One approach is to start another thread to print the stack trace. Another approach, which is architecture-specific, is to use a small number of assembler instructions to set up the instruction pointer and stack addresses in the context registers. You have to be careful if you wish to provide this as a callable method to ensure the return address of the function is correctly obtained, for this article I simply use some assembler inline.

Here is a simple way (for Win32) to use the symbol engine to print the call stack at the current location:

CONTEXT context = {CONTEXT_FULL};
::GetThreadContext( 
    GetCurrentThread(), &context );
_asm call $+5
_asm pop eax
_asm mov context.Eip, eax
_asm mov eax, esp
_asm mov context.Esp, eax
_asm mov context.Ebp, ebp

SimpleSymbolEngine::instance().
    StackTrace( &context, std::cout );

In this case the tip of the call stack will be the pop eax instruction since this is the target of the call $+5 which I use to get the instruction pointer.

Implementation Details

The constructor initialises the symbol engine for the current process and the destructor cleans up.

SimpleSymbolEngine::SimpleSymbolEngine()
{
   hProcess = GetCurrentProcess();
   DWORD dwOpts = SymGetOptions();
   dwOpts |=
       SYMOPT_LOAD_LINES |
       SYMOPT_DEFERRED_LOADS;
   SymSetOptions ( dwOpts );

   ::SymInitialize( hProcess, 0, true );
   }
   SimpleSymbolEngine::~SimpleSymbolEngine()
   {
       ::SymCleanup( hProcess );
   }

I am setting the flag to defer loads which delays loading symbols until they are required. Typically symbols are only used from a small fraction of the DLLs loaded when the process executes.

The code to get symbolic information from an address uses two APIs: SymGetSymFromAddr and SymGetLineFromAddr . Between them these APIs get the nearest symbol and the closest available line number/source file information for the supplied address.

   std::string SimpleSymbolEngine::addressToString( void *address )
   {
       std::ostringstream oss;

       // First the raw address
       oss << "0x" << address;

       // Then any name for the symbol
       struct tagSymInfo
       {
           IMAGEHLP_SYMBOL symInfo;
           char nameBuffer[ 4 * 256 ];
       } SymInfo = { { sizeof( IMAGEHLP_SYMBOL ) } };

       IMAGEHLP_SYMBOL * pSym = &SymInfo.symInfo;
       pSym->MaxNameLength = sizeof( SymInfo ) - offsetof( tagSymInfo, symInfo.Name );

       DWORD dwDisplacement;
       if ( SymGetSymFromAddr( hProcess, (DWORD)address, &dwDisplacement,  pSym) )
       {
           oss << " " << pSym->Name;
           if ( dwDisplacement != 0 )
               oss << "+0x" << std::hex << dwDisplacement << std::dec;
       }
        
       // Finally any file/line number
       IMAGEHLP_LINE lineInfo = { sizeof( IMAGEHLP_LINE ) };
       if ( SymGetLineFromAddr( hProcess, (DWORD)address, &dwDisplacement, &lineInfo ) )
       {
           char const *pDelim = strrchr( lineInfo.FileName, '\\' );
           oss << " at " << ( pDelim ? pDelim + 1 : lineInfo.FileName ) << "(" << lineInfo.LineNumber << ")";
       }
       return oss.str();
   }

The main complication with the two APIs used is that both need the size of the data structures to be set up correctly before the call is made.

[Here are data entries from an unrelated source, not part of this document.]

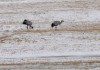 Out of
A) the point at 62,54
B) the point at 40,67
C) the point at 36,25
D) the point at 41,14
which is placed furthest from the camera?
the point at 41,14

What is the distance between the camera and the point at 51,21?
32.5 metres

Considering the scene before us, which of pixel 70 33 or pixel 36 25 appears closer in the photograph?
pixel 70 33

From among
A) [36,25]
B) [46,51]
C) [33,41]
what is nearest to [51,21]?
[36,25]

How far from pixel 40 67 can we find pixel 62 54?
132 inches

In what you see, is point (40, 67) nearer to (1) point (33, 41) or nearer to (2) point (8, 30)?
(1) point (33, 41)

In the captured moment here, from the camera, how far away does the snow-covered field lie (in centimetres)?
2269

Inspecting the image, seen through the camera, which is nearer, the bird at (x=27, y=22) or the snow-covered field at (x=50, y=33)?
the snow-covered field at (x=50, y=33)

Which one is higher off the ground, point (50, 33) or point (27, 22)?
point (27, 22)

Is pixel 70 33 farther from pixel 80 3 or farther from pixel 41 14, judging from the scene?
pixel 80 3

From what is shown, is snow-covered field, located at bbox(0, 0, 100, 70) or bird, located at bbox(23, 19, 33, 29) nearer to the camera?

Failure to do this leads to rather inconsistent results. Particular care is needed for the IMAGEHLP_SYMBOL since the structure is variable size.

Note too that the documentation for DbgHelp refers to some newer APIs ( SymFromAddr , SymGetLineFromAddr64 ) which do the same thing as these two.

I have used the older calls here since they are available on a much wider range of versions of the DbgHelp API.

The stack walking code sets up the structure used to hold the current stack location and then uses the stack walking API to obtain each stack frame in turn.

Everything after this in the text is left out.